The game takes place at the end of prohibition, and Jack Orlando has gone from being a hero of the people to a drunken lout. He happens to witness a murder on his way home from getting soused and gets sapped on the head and left at the crime scene. He's the only suspect, and the police chief gives him 48 hours to solve the crime and clear his name. That's the whole story, and you'll be investigating a pretty generic organized crime syndicate from the beginning on. With the 48-hour deadline, it's strange that the game takes place in what appears to be a single night. But the thin story is not a problem because puzzles, not plot, make up the backbone of the game.
The puzzles you'll solve are straightforward--they stick to the standard inventory-based and dialogue-based puzzle types that adventure gamers are used to. But what makes Jack Orlando interesting is that it isn't simply a case of trying everything with everything. You can pick up dozens of things that are completely useless, and most conversations in the game will lead you nowhere. It makes for an interesting change of pace from the standard adventure formula, in which your every step is outlined by the things you can interact with.

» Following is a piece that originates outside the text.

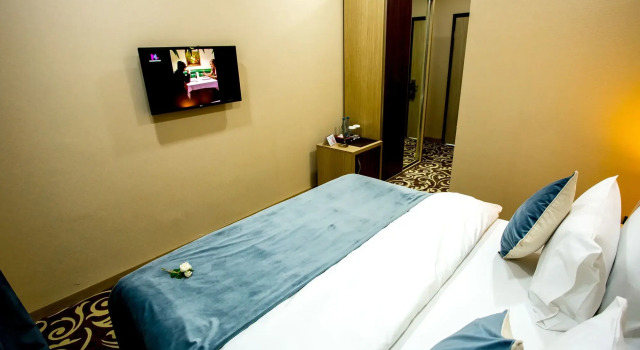 West Shine Hotel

Unfortunately, the extensive amount of dialogue in the game is also one of its biggest flaws. Jack Orlando was obviously translated from another language. Much of the dialogue doesn't make sense, and there's an abundance of strange responses and non-sequiturs. The voice acting is so bad that it almost seems brilliant. The first voice you hear, an elderly lady, sounds like a 20-year-old male pretending to be an elderly lady. And doing a poor job. The best voice acting is merely bad, while the worst is unbelievable. The voices in Jack Orlando make Resident Evil's infamous voice work seem like a beautiful production of Under Milkwood in comparison. Luckily, the music--decent if generic "smoove jazz"--makes up for the voices in some respect, if only because it seems professional and competent.
Despite all that is wrong with it, though, Jack Orlando has some good elements. The graphics are its most notable feature. The art is mostly two-dimensional and hand-drawn, similar at times to the Broken Sword and Circle of Blood games. The only exception is the cars in the game, which are 3D models. Jack Orlando's animation is a nice change of pace from the standard 3D of most modern games, and though it would be better at a higher resolution, it makes for a unique, if slightly dated, look.
The puzzles and the graphics are enough to recommend Jack Orlando to serious adventure game fans. There are no mystical overtones, no science-fiction angle. It's a straightforward whodunit puzzle-solver with terrible dialogue and some really strange dead ends.